The metro Detroit alt-right legal advocate who cleared the way for Richard Spencer to speak at Michigan State University says he's withdrawing from politics following news stories that highlighted racist statements he's made over the years.

Kyle Bristow, the executive director of the Foundation for the Market Place of Ideas, announced he would resign from the role in a statement posted to the FMI website Saturday. The Clinton Township-based group is to host an alt-right conference featuring Spencer, Cameron Padgett, and other white nationalists at a secret location in metro Detroit on Sunday, the eve of Spencer's visit to MSU.
"The media is not whatsoever justified in vilifying me," Bristow says in the letter. "Just as I have stood up for the free speech rights of people on the right side of the political spectrum, I have likewise — in my capacity as an attorney — stood up for the rights of people on the left side of the political spectrum."

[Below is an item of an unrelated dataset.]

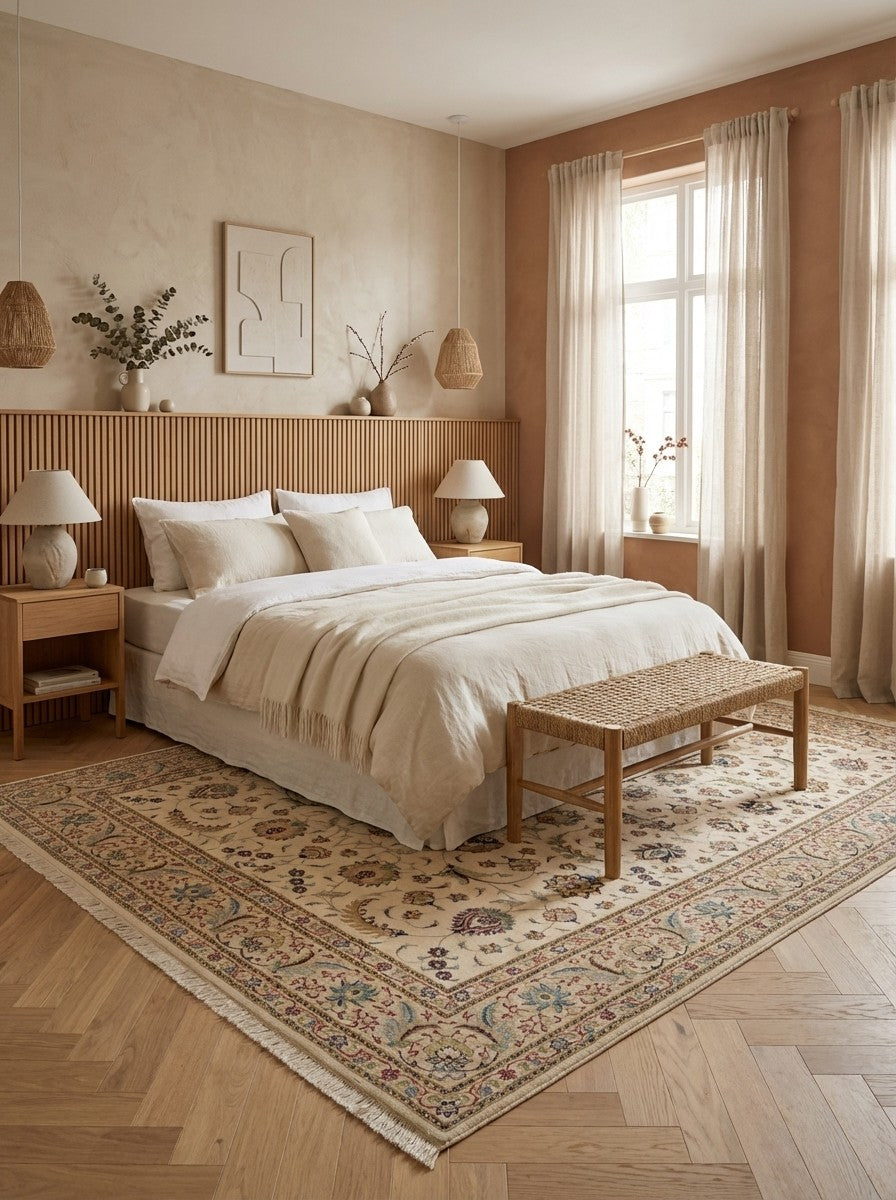 Tabriz 50 Raj — Hand-knotted, 203x310 cm, Beige, 100% Virgin Wool | Detail view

Bristow, 31, also downplayed his racist behavior over the years, saying that much of it occurred a decade ago when he was still in college at MSU. It was there that he served as the head of a chapter of an alleged hate group and organized a "Catch an Illegal Immigrant Day," according to the Southern Poverty Law Center.

Up until recently, however, Bristow was posting racist epithets to Twitter. Pepe the Frog, a cartoon character the alt-right has adopted to denote anti-Semitism, was a mainstay on his feed. He also recently posted a video that suggested Mexicans who attempt to illegally cross into the U.S. be electrocuted.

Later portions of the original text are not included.